By looking at the famous story of David and his affair with Bathsheba, we are going to explore a part of this question this morning.

If you have your Bibles, please turn to 2 Samuel 11: 1, and we are going to read to verse 5. This experience for David is considered to be the major turning point in his life. This is his “before and after” episode.
David and Bathsheba
1 In the spring, at the time when kings go off to war, David sent Joab out with the king's men and the whole Israelite army. They destroyed the Ammonites and besieged Rabbah. But David remained in Jerusalem.
2 One evening David got up from his bed and walked around on the roof of the palace. From the roof he saw a woman bathing. The woman was very beautiful, 3 and David sent someone to find out about her. The man said, "She is Bathsheba, the daughter of Eliam and the wife of Uriah the Hittite." 4 Then David sent messengers to get her. She came to him, and he slept with her. (Now she was purifying herself from her monthly uncleanness.) Then she went back home. 5 The woman conceived and sent word to David, saying, "I am pregnant."
At the time of this story David is about 50 years old. He has had a distinguished record as king of Israel for some 20 years. He is known as a man with a heart after God, as a passionate worshipper of God, as formidable warrior, as an outstanding leader of his people. David has these dazzling qualities, yet he has a catastrophic fall. What were the factors that made him vulnerable?

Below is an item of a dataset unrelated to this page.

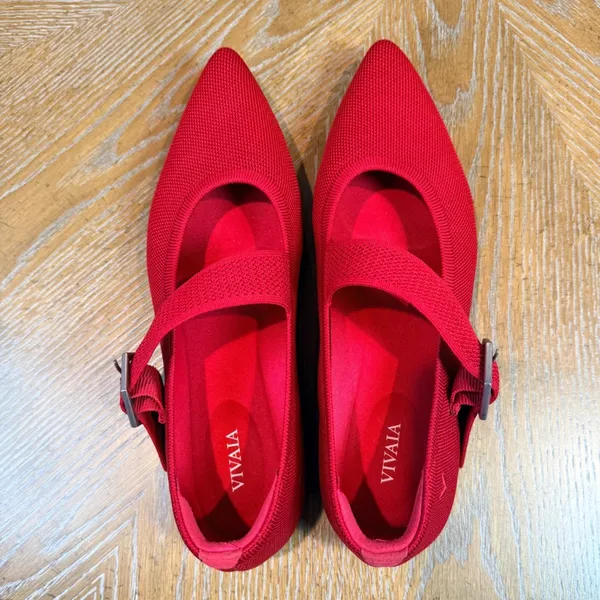 Vivaia NEW Maria Pointed Toe‎ Mary Jane Flats Red Size 41 US 9.5 - Image 6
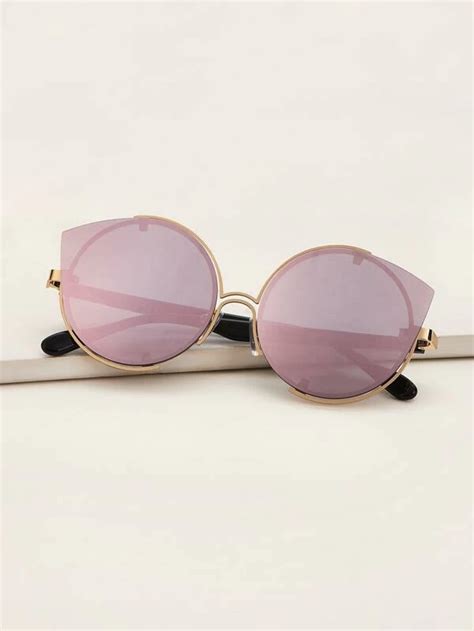 Cat Eye Metal Frame Sunglasses Shein Usa Sunglass Frames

David, as we just noted, was a very successful as a leader. In the chapters preceding this story we see he’s led his armies in great military victories. He was a hero. David is very successful and when a person is very successful it’s not uncommon for that person to feel like they are “above the rules”. They can develop a sense of entitlement and feel that, even if they “break the rules,” they won’t face the consequences because they are, after all, above the rules as the “favored” son or daughter.

David was successful, and he was also in a position of very prominent leadership. Part of the “package” of significant leadership includes suffering. Leadership is a kind of contact sport where you are going to get hit, where you’re going to bleed… There is a certain level of pain that every leader absorbs. Because of this, a leader can begin to experience self-pity and feel that they deserve some kind of special “treat”… It may have been that though David was very blessed in his leadership, there was a part of him that also felt sorry for himself because all the burdens he had to carry as the king of Israel and felt he was entitled to some special treat.

David was also isolated and bored. The text tells us…
1 In the spring, at the time when kings go off to war, David sent Joab out with the king's men and the whole Israelite army… But David remained in Jerusalem…
It was springtime in Israel, and in David’s day Israel and her neighbors didn’t have the kind of standing professional armies we have today. Their armies were composed of farmers, merchants, regular folks. Every able-bodied man went off to war. Because the winter was just too wet, and muddy to mobilize your army efficiently, spring was the time when people, in David’s day, went to war. It was spring and David should have been with his troops heading off to battle, but instead David is at home and in bed. With all the men gone, David is isolated from his colleagues doesn’t have much to do and he’s bored, he’s restless, and he can’t sleep… He gets out of bed and walks around the roof of his palace. He is ripe for temptation.

While no-one is above temptation, there are times when we are more vulnerable to temptation than other times. As was the case with David, one of those times we’re on the “edge” is when for whatever reason (perhaps because we’re successful at something) we begin to feel that the “rules don’t apply to us.” Another time when we are especially vulnerable to temptation is when we feel self-pity. We feel that things haven’t gone for us in life the way they ought to have gone, so we think we deserve some special treat. A third time when we may find ourselves on the “edge” is when we are isolated and lonely, bored and restless….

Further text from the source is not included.